April 24, 2014 Leave a comment
Recently, I have felt myself being pulled in three directions at once. There’s the RHEL ecosystem that I have immersed myself into over the past many months. Ubuntu 14.04 LTS Trusty Tahr released last week and is a very enticing option, especially since I started with Ubuntu many moons ago. Finally, there’s the BSD world beckoning, with its culture and technology. Which option do I pick for primarily two roles: my daily driver at work and a way for me to grow my knowledge and skills, prepared to take on tomorrow’s challenges?
The answer is not as simple as I had anticipated. And the reason is my belief in my own exceptionalism. I have convinced myself that my vote for any one of these three options will turn the tide of FOSS in that direction. That if I don’t support an option then that option will disappear and its community will wither away. That I need to be a part of the community so I can contribute my skills, preventing unforeseen catastrophes waiting to be unveiled. That the FOSS world is waiting for a hero: me.
Of course, this is an absurd way of thinking. One person does make a difference but not at the scale I have imagined. It doesn’t matter to Ubuntu or its community that I fired up Fedora in my VM today. It has no affect on FreeBSD if I don’t learn how to use it. It doesn’t matter to Fedora that I am slowly moving to using Ubuntu daily. In a sense it does matter to all three projects whether an individual stays within the community or leaves. But not in the way I have convinced myself it does.
I am no savior. I can’t save or condemn a FOSS project because of my participation or the lack thereof. The reason is simple: these projects are much bigger than an individual. They have existed before I became a part of their communities; not just existed but prospered. I am but one man.

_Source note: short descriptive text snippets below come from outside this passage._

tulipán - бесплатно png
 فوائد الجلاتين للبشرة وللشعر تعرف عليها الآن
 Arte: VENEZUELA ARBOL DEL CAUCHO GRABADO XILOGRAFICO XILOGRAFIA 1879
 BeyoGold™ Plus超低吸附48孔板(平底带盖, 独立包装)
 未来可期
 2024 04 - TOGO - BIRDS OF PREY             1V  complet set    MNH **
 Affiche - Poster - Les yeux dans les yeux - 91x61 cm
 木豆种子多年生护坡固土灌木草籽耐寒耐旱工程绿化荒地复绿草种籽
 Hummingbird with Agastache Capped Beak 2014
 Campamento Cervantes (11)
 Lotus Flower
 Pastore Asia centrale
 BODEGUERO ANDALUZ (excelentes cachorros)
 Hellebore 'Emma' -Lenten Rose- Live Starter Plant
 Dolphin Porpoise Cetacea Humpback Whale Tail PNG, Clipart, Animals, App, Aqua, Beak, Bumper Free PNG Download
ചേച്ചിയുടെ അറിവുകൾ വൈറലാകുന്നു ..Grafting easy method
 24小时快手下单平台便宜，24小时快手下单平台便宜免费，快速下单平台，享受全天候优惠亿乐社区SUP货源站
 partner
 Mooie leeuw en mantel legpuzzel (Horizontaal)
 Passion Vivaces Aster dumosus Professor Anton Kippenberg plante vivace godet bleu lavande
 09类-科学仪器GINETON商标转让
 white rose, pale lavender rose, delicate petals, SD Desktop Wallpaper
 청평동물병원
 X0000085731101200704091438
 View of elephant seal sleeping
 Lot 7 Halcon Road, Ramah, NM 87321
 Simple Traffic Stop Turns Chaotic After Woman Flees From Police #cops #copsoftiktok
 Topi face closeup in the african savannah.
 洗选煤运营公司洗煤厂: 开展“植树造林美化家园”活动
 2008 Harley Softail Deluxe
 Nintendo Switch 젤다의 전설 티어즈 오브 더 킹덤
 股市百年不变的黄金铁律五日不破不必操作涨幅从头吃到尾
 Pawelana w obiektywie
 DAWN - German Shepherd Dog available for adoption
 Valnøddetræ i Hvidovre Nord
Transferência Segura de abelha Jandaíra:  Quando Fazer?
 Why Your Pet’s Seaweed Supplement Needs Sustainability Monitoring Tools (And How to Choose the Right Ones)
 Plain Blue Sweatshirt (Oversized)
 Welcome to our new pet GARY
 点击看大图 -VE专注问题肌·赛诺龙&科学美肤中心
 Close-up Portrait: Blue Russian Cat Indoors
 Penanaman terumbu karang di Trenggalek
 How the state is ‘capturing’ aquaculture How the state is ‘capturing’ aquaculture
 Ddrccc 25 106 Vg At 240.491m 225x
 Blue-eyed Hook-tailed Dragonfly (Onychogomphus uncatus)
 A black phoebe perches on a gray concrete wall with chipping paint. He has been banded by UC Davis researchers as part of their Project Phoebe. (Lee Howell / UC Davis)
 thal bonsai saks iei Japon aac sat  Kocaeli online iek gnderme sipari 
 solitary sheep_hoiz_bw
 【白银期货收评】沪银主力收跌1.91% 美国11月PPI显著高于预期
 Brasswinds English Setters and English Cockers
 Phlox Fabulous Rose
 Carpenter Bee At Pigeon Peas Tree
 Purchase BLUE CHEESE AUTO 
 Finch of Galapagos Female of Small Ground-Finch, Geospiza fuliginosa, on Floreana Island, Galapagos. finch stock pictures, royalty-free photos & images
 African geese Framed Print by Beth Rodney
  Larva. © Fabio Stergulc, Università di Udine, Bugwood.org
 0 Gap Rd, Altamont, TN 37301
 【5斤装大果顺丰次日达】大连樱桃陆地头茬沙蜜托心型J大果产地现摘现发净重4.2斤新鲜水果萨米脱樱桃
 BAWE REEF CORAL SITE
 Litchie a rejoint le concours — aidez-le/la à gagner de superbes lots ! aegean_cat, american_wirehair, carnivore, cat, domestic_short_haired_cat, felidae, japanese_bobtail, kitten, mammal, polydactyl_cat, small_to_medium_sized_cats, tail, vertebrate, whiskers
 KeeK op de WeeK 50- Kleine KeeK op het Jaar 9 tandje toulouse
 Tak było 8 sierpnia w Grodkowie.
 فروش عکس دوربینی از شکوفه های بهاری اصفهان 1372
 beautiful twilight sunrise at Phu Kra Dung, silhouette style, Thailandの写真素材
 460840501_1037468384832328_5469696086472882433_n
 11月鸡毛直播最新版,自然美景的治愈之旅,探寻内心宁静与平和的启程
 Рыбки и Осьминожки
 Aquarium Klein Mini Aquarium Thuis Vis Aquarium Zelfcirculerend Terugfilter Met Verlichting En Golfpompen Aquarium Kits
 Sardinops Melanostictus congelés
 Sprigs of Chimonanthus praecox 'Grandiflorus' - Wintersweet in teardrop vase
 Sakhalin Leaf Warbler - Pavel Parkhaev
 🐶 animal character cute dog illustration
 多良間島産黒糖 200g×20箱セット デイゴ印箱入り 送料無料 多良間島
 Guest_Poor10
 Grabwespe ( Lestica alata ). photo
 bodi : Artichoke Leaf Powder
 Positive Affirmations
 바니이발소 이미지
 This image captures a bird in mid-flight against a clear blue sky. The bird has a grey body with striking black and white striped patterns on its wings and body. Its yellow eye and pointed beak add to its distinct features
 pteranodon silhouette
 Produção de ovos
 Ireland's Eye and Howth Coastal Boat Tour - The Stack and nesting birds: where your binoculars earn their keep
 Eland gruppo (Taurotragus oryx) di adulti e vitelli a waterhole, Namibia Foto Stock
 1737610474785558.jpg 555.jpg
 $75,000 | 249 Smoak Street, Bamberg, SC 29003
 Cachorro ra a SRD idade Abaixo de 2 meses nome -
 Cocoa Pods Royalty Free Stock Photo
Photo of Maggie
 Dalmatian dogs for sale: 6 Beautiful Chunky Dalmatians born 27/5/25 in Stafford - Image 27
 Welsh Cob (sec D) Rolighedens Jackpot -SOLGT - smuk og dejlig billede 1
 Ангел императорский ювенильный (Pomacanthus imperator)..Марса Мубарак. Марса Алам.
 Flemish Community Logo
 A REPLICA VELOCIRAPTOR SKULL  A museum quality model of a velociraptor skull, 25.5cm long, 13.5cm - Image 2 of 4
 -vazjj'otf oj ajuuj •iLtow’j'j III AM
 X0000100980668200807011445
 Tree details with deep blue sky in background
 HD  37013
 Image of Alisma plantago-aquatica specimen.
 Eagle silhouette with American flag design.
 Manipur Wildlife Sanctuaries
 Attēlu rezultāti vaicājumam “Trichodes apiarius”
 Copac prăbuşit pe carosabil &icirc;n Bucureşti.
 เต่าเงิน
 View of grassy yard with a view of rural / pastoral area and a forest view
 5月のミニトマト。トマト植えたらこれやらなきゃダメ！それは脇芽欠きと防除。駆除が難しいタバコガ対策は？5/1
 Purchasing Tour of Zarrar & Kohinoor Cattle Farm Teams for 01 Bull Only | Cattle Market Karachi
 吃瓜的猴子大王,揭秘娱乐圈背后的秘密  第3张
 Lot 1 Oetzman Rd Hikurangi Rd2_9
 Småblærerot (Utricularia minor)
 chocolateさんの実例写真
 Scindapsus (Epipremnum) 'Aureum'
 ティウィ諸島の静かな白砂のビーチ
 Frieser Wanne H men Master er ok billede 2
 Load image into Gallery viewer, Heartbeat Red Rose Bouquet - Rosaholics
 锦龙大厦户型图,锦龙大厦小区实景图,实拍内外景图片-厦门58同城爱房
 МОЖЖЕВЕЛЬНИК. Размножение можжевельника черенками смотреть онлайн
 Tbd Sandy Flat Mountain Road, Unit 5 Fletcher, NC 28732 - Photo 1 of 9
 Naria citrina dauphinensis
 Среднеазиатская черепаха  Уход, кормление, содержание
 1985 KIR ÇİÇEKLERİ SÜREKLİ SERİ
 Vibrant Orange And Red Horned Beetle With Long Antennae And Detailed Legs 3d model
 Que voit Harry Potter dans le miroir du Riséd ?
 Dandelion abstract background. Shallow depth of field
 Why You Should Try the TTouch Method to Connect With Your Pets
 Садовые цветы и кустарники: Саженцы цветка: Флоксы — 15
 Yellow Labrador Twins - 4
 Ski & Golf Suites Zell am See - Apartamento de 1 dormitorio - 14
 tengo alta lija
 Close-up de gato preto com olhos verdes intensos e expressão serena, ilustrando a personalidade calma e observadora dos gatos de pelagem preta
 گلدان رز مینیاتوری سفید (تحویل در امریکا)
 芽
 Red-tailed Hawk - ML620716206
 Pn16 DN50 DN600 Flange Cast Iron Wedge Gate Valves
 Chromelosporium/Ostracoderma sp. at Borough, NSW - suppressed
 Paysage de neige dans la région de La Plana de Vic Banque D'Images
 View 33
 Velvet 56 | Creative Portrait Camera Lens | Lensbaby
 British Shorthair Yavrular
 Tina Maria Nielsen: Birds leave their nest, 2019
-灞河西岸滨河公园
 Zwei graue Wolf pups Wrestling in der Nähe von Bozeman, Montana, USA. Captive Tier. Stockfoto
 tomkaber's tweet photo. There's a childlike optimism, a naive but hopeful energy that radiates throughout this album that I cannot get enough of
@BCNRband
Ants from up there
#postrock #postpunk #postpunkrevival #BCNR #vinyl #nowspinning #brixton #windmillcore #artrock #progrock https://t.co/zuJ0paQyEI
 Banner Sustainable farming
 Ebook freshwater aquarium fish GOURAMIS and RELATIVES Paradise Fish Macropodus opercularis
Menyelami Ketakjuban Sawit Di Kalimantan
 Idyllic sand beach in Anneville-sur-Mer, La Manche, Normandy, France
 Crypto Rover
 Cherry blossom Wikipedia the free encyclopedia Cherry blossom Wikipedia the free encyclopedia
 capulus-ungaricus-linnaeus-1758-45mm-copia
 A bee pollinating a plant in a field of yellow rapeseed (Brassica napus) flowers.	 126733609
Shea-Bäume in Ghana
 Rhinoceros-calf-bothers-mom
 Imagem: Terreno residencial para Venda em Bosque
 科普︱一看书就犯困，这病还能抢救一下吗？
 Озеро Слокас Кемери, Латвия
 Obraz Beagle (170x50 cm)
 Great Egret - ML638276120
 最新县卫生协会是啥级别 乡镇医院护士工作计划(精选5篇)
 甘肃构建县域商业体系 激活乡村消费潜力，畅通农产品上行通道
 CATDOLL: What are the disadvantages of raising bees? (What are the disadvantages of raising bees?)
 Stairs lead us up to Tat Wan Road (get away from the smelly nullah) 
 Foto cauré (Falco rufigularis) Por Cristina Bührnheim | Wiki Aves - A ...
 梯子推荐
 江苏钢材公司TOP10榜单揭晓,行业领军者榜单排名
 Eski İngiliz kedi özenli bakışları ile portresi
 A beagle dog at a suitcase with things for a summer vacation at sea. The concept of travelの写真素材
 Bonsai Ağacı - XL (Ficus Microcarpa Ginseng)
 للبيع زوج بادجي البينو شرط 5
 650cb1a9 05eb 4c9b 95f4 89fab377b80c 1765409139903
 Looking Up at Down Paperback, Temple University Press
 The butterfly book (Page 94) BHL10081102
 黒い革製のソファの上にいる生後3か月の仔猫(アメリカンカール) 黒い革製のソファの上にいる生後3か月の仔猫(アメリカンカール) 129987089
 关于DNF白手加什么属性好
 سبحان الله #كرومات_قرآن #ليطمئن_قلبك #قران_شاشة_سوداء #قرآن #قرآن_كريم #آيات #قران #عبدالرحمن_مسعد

And therein lies the crux of the matter. If I am not writing code, finding bugs, generating official documentation, etc. then I’m not really a part of the community. I may be a passive advocate at best or a user at worst; but not part of the community. The community is formed of people who actively participate in shaping a project not those who use the output of their efforts without giving back.
A lot of people like myself are delusional in this manner. Just because they can download Ubuntu for free does not give them the right to complain and criticize when the desktop does not behave the way they demand. Either they pitch in, take a leadership role in the community, and fix the problems they have, or they lose the right to criticize. It’s alright to point out bugs and papercuts in a constructive gesture. Anything else reeks of their own belief in their exceptionalism. They have to stop thinking that just because *they* don’t like something that the project’s priorities need to shift to cater to their whims.
No project or product can survive without users. No one disputes that. But it’s not necessary that a project has to be used by *everyone*. Those who participate in developing the product and nurturing the project are its users, too. As long as they use and are satisfied, that’s all it matters.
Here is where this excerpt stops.